__Task requirements__
Make an exact copy of the listing below. Pictures stay out of it.

__Collected material__
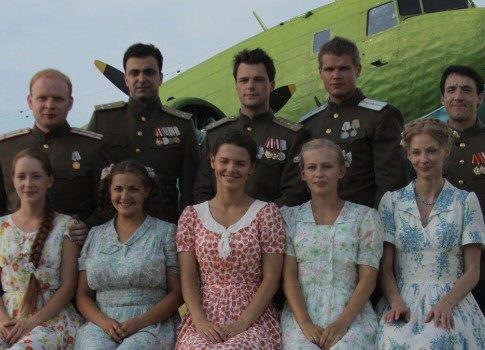 В честь дня рождения актера: «Наш Кинороман» покажет фильмы с Данилой Козловским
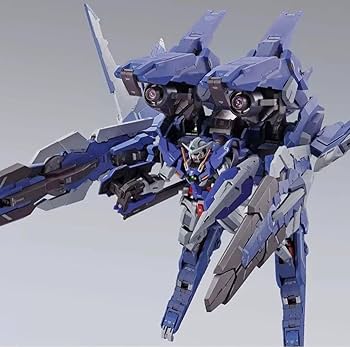 Amazon.co.jp: METAL BUILD GNアームズ TYPE-E OO メタルビルド : おもちゃ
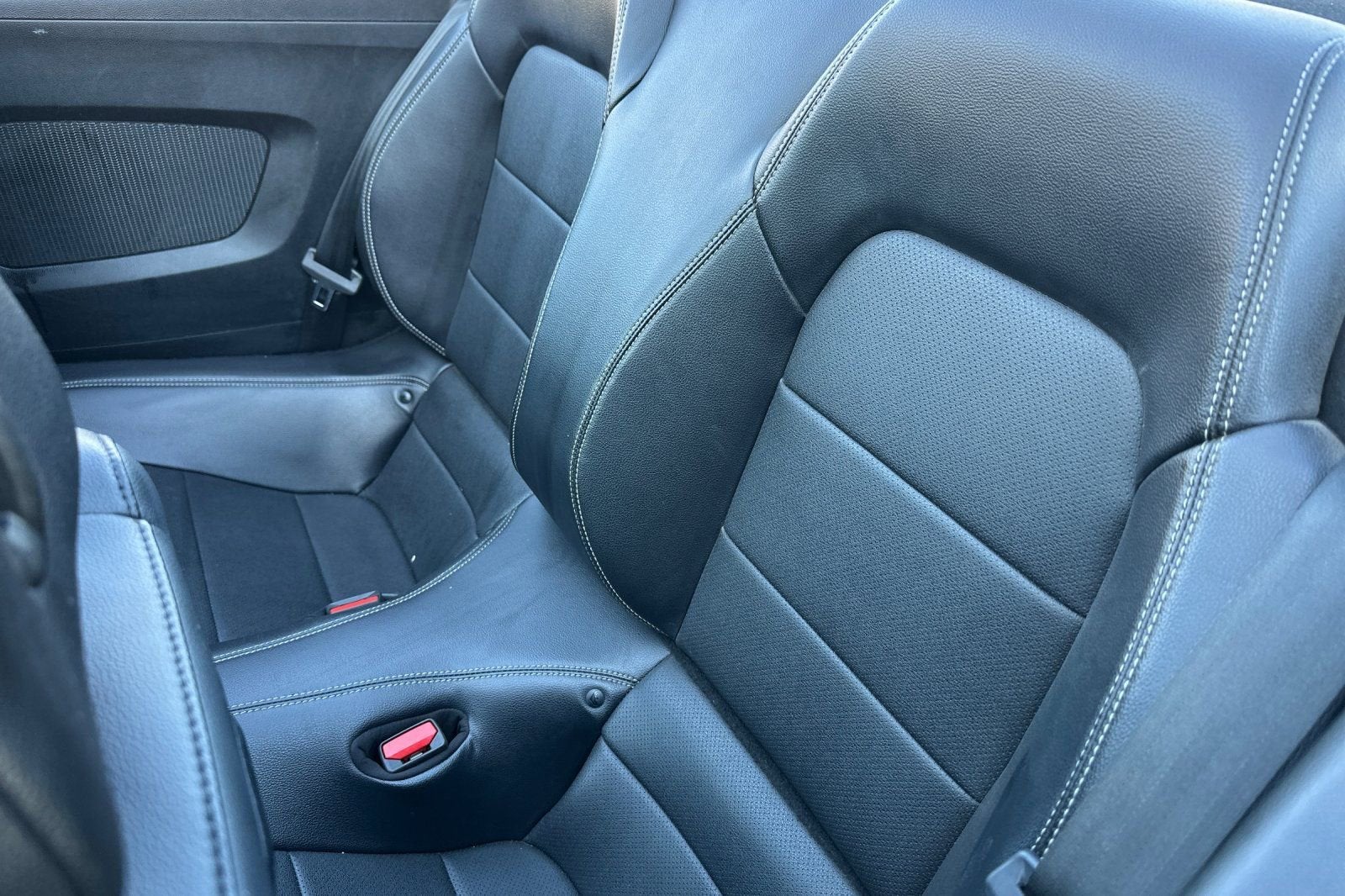 2023 Ford Mustang EcoBoost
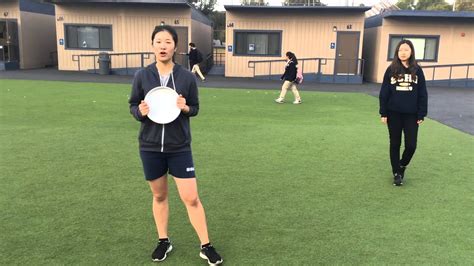 Ultimate Frisbee Youtube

__Your response__
 В честь дня рождения актера: «Наш Кинороман» покажет фильмы с Данилой Козловским
 Amazon.co.jp: METAL BUILD GNアームズ TYPE-E OO メタルビルド : おもちゃ
 2023 Ford Mustang EcoBoost
 Ultimate Frisbee Youtube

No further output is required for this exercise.